# February - April 2013 Releases



## Lord of the Night (Nov 18, 2009)

:biggrin::biggrin::biggrin::biggrin:
*
MANY NEW RELEASES CONFIRMED!!*

Firstly let's go to _Gotrek and Felix_ who are taking the helm of the ship for the first two months with re-releases of each omnibus, the new fourth omnibus, the new novel _Road of Skulls_ and a new audio-drama.
















































Road of Skulls said:


> Gotrek and Felix: unsung heroes of the Empire, or nothing more than common thieves and murderers? The truth perhaps lies somewhere in between, and depends entirely upon whom you ask... Gotrek and Felix race to the dwarf hold at Karak Kadrin, finding it besieged by one of the grand armies of Chaos under the command of Warlord Garmr. When King Ungrim Ironfist speaks of the legendary ‘Road of Skulls’ and of the hated foe’s attempts to open a portal into the Realm of Chaos, Gotrek senses that a great doom awaits him – though it may not be the one he would choose for himself. As the king’s own son leads his army of Slayers to fulfil an ancient prophecy, it seems that Garmr’s hour of victory may be at hand...

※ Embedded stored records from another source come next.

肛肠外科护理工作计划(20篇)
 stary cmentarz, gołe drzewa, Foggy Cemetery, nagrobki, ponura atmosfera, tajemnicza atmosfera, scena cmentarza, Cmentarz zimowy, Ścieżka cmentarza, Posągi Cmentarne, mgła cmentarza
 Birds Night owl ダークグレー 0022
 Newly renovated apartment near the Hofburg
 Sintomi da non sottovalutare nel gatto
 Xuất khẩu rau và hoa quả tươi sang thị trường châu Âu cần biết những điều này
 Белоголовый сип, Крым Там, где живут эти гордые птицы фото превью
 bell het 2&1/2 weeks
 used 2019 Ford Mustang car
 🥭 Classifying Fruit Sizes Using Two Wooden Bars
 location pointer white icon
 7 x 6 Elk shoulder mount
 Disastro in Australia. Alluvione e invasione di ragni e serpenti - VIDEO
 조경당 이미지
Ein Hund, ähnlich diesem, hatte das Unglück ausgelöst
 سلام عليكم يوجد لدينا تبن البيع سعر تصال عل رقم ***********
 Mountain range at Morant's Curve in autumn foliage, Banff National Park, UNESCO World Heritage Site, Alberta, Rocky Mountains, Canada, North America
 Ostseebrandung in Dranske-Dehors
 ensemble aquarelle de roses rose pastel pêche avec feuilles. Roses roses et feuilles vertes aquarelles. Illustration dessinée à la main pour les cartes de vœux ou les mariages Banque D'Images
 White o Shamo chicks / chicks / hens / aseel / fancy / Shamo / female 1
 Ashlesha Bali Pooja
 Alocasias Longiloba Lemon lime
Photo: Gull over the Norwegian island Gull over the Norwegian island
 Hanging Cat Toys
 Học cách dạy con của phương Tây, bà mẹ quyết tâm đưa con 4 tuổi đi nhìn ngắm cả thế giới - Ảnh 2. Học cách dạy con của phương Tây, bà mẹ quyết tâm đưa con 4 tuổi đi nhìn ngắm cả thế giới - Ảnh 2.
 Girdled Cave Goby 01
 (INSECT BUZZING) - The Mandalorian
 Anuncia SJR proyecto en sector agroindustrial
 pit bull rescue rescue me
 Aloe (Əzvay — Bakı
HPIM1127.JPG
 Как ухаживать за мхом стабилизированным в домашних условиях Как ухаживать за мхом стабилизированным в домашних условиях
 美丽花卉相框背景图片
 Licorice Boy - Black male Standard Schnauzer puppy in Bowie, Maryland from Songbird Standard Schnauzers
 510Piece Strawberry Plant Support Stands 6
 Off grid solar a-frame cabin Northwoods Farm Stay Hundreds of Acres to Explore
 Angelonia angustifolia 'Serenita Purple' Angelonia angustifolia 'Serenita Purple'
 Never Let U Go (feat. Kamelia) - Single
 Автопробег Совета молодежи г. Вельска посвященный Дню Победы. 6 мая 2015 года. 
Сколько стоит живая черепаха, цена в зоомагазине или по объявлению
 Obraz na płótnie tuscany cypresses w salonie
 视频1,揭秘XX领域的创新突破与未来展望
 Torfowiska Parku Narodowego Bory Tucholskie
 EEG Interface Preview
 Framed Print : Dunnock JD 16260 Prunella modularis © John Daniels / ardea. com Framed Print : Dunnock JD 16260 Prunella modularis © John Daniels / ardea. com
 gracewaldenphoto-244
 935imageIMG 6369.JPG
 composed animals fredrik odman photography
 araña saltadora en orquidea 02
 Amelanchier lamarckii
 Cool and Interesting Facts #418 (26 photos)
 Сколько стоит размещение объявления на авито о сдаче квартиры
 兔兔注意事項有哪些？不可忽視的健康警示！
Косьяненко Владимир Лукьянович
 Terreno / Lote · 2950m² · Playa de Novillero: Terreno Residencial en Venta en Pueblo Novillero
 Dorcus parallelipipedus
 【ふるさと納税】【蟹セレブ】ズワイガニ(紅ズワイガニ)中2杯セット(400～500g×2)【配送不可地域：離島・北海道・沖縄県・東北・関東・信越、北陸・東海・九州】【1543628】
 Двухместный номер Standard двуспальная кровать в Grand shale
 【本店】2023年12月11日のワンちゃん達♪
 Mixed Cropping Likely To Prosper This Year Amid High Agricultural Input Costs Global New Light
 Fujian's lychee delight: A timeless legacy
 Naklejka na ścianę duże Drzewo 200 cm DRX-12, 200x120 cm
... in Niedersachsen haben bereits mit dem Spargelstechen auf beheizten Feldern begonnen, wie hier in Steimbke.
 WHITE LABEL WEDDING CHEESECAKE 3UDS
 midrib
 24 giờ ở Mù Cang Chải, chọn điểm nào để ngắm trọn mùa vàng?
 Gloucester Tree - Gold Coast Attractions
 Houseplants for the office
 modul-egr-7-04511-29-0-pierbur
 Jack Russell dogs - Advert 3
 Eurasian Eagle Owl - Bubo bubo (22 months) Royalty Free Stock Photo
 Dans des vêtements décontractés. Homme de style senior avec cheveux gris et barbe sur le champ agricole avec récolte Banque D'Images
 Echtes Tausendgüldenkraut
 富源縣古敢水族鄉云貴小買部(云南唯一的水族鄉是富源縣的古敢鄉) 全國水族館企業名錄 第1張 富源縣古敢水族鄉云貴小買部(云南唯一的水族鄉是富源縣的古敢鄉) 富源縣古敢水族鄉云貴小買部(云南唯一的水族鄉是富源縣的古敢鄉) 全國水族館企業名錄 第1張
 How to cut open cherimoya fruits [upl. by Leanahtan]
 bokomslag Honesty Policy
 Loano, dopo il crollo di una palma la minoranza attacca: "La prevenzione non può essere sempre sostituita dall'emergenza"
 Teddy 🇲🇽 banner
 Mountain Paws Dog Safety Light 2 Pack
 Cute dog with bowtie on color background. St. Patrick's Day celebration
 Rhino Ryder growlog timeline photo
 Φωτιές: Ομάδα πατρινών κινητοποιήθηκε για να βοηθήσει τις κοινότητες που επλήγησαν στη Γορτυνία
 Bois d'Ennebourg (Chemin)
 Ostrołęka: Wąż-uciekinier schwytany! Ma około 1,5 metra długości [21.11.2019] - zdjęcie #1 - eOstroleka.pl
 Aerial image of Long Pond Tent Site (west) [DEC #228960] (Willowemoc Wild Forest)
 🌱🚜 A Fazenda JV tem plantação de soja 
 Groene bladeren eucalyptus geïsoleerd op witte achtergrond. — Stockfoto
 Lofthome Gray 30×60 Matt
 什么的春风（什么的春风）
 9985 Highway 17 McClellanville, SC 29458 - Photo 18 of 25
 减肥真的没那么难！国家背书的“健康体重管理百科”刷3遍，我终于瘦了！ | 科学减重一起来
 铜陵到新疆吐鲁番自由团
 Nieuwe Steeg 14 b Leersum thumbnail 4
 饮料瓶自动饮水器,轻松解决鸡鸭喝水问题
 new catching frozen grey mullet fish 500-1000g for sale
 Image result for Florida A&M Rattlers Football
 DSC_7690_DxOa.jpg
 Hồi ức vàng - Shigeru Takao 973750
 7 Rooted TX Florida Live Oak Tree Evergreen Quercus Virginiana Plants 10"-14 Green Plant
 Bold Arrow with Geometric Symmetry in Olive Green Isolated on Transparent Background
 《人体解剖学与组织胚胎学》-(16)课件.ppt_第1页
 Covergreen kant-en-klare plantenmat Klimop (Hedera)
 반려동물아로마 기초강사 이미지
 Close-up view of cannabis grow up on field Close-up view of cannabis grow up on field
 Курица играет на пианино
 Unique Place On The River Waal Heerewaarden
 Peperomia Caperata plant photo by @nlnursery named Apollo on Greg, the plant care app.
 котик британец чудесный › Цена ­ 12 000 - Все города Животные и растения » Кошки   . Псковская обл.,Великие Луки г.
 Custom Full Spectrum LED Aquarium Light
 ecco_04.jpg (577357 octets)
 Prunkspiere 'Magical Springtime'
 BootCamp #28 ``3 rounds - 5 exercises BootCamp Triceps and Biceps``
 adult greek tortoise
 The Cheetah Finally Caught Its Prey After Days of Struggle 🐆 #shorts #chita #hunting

Curse of the Everliving said:


> Gotrek and Felix: unsung heroes of the Empire, or nothing more than common thieves and murderers? The truth perhaps lies somewhere in between, and depends entirely upon whom you ask... While travelling north in pursuit of hobgoblin gold, Gotrek and Felix find themselves holed up in the infamous Castle Bilenkov as guests of the curious Count Viktor. While the old man seems harmless enough, Felix soon finds himself the target of an ancient Kislevite curse, battling for his very soul against the insidious daemon Ghrizzhtadt. With Gotrek’s resistance to magic waning, the adventurers have no choice but to confront the eternal evil of the Everliving...



Now onto more new releases.












The Greater Good said:


> When the world of Quadravidia comes under attack by the insidious tau, only one man can defeat the aliens and save the planet in the Emperor’s name: the legendary Hero of the Imperium, Commissar Ciaphas Cain. When the aliens call for a ceasefire, Cain expects the worst, and his fears are answered in the form of the dread menace of the tyranids. As a hive fleet approaches Quadravidia, Cain must try to forge an alliance between the Imperium and the tau – but can he truly trust the inscrutable xenos?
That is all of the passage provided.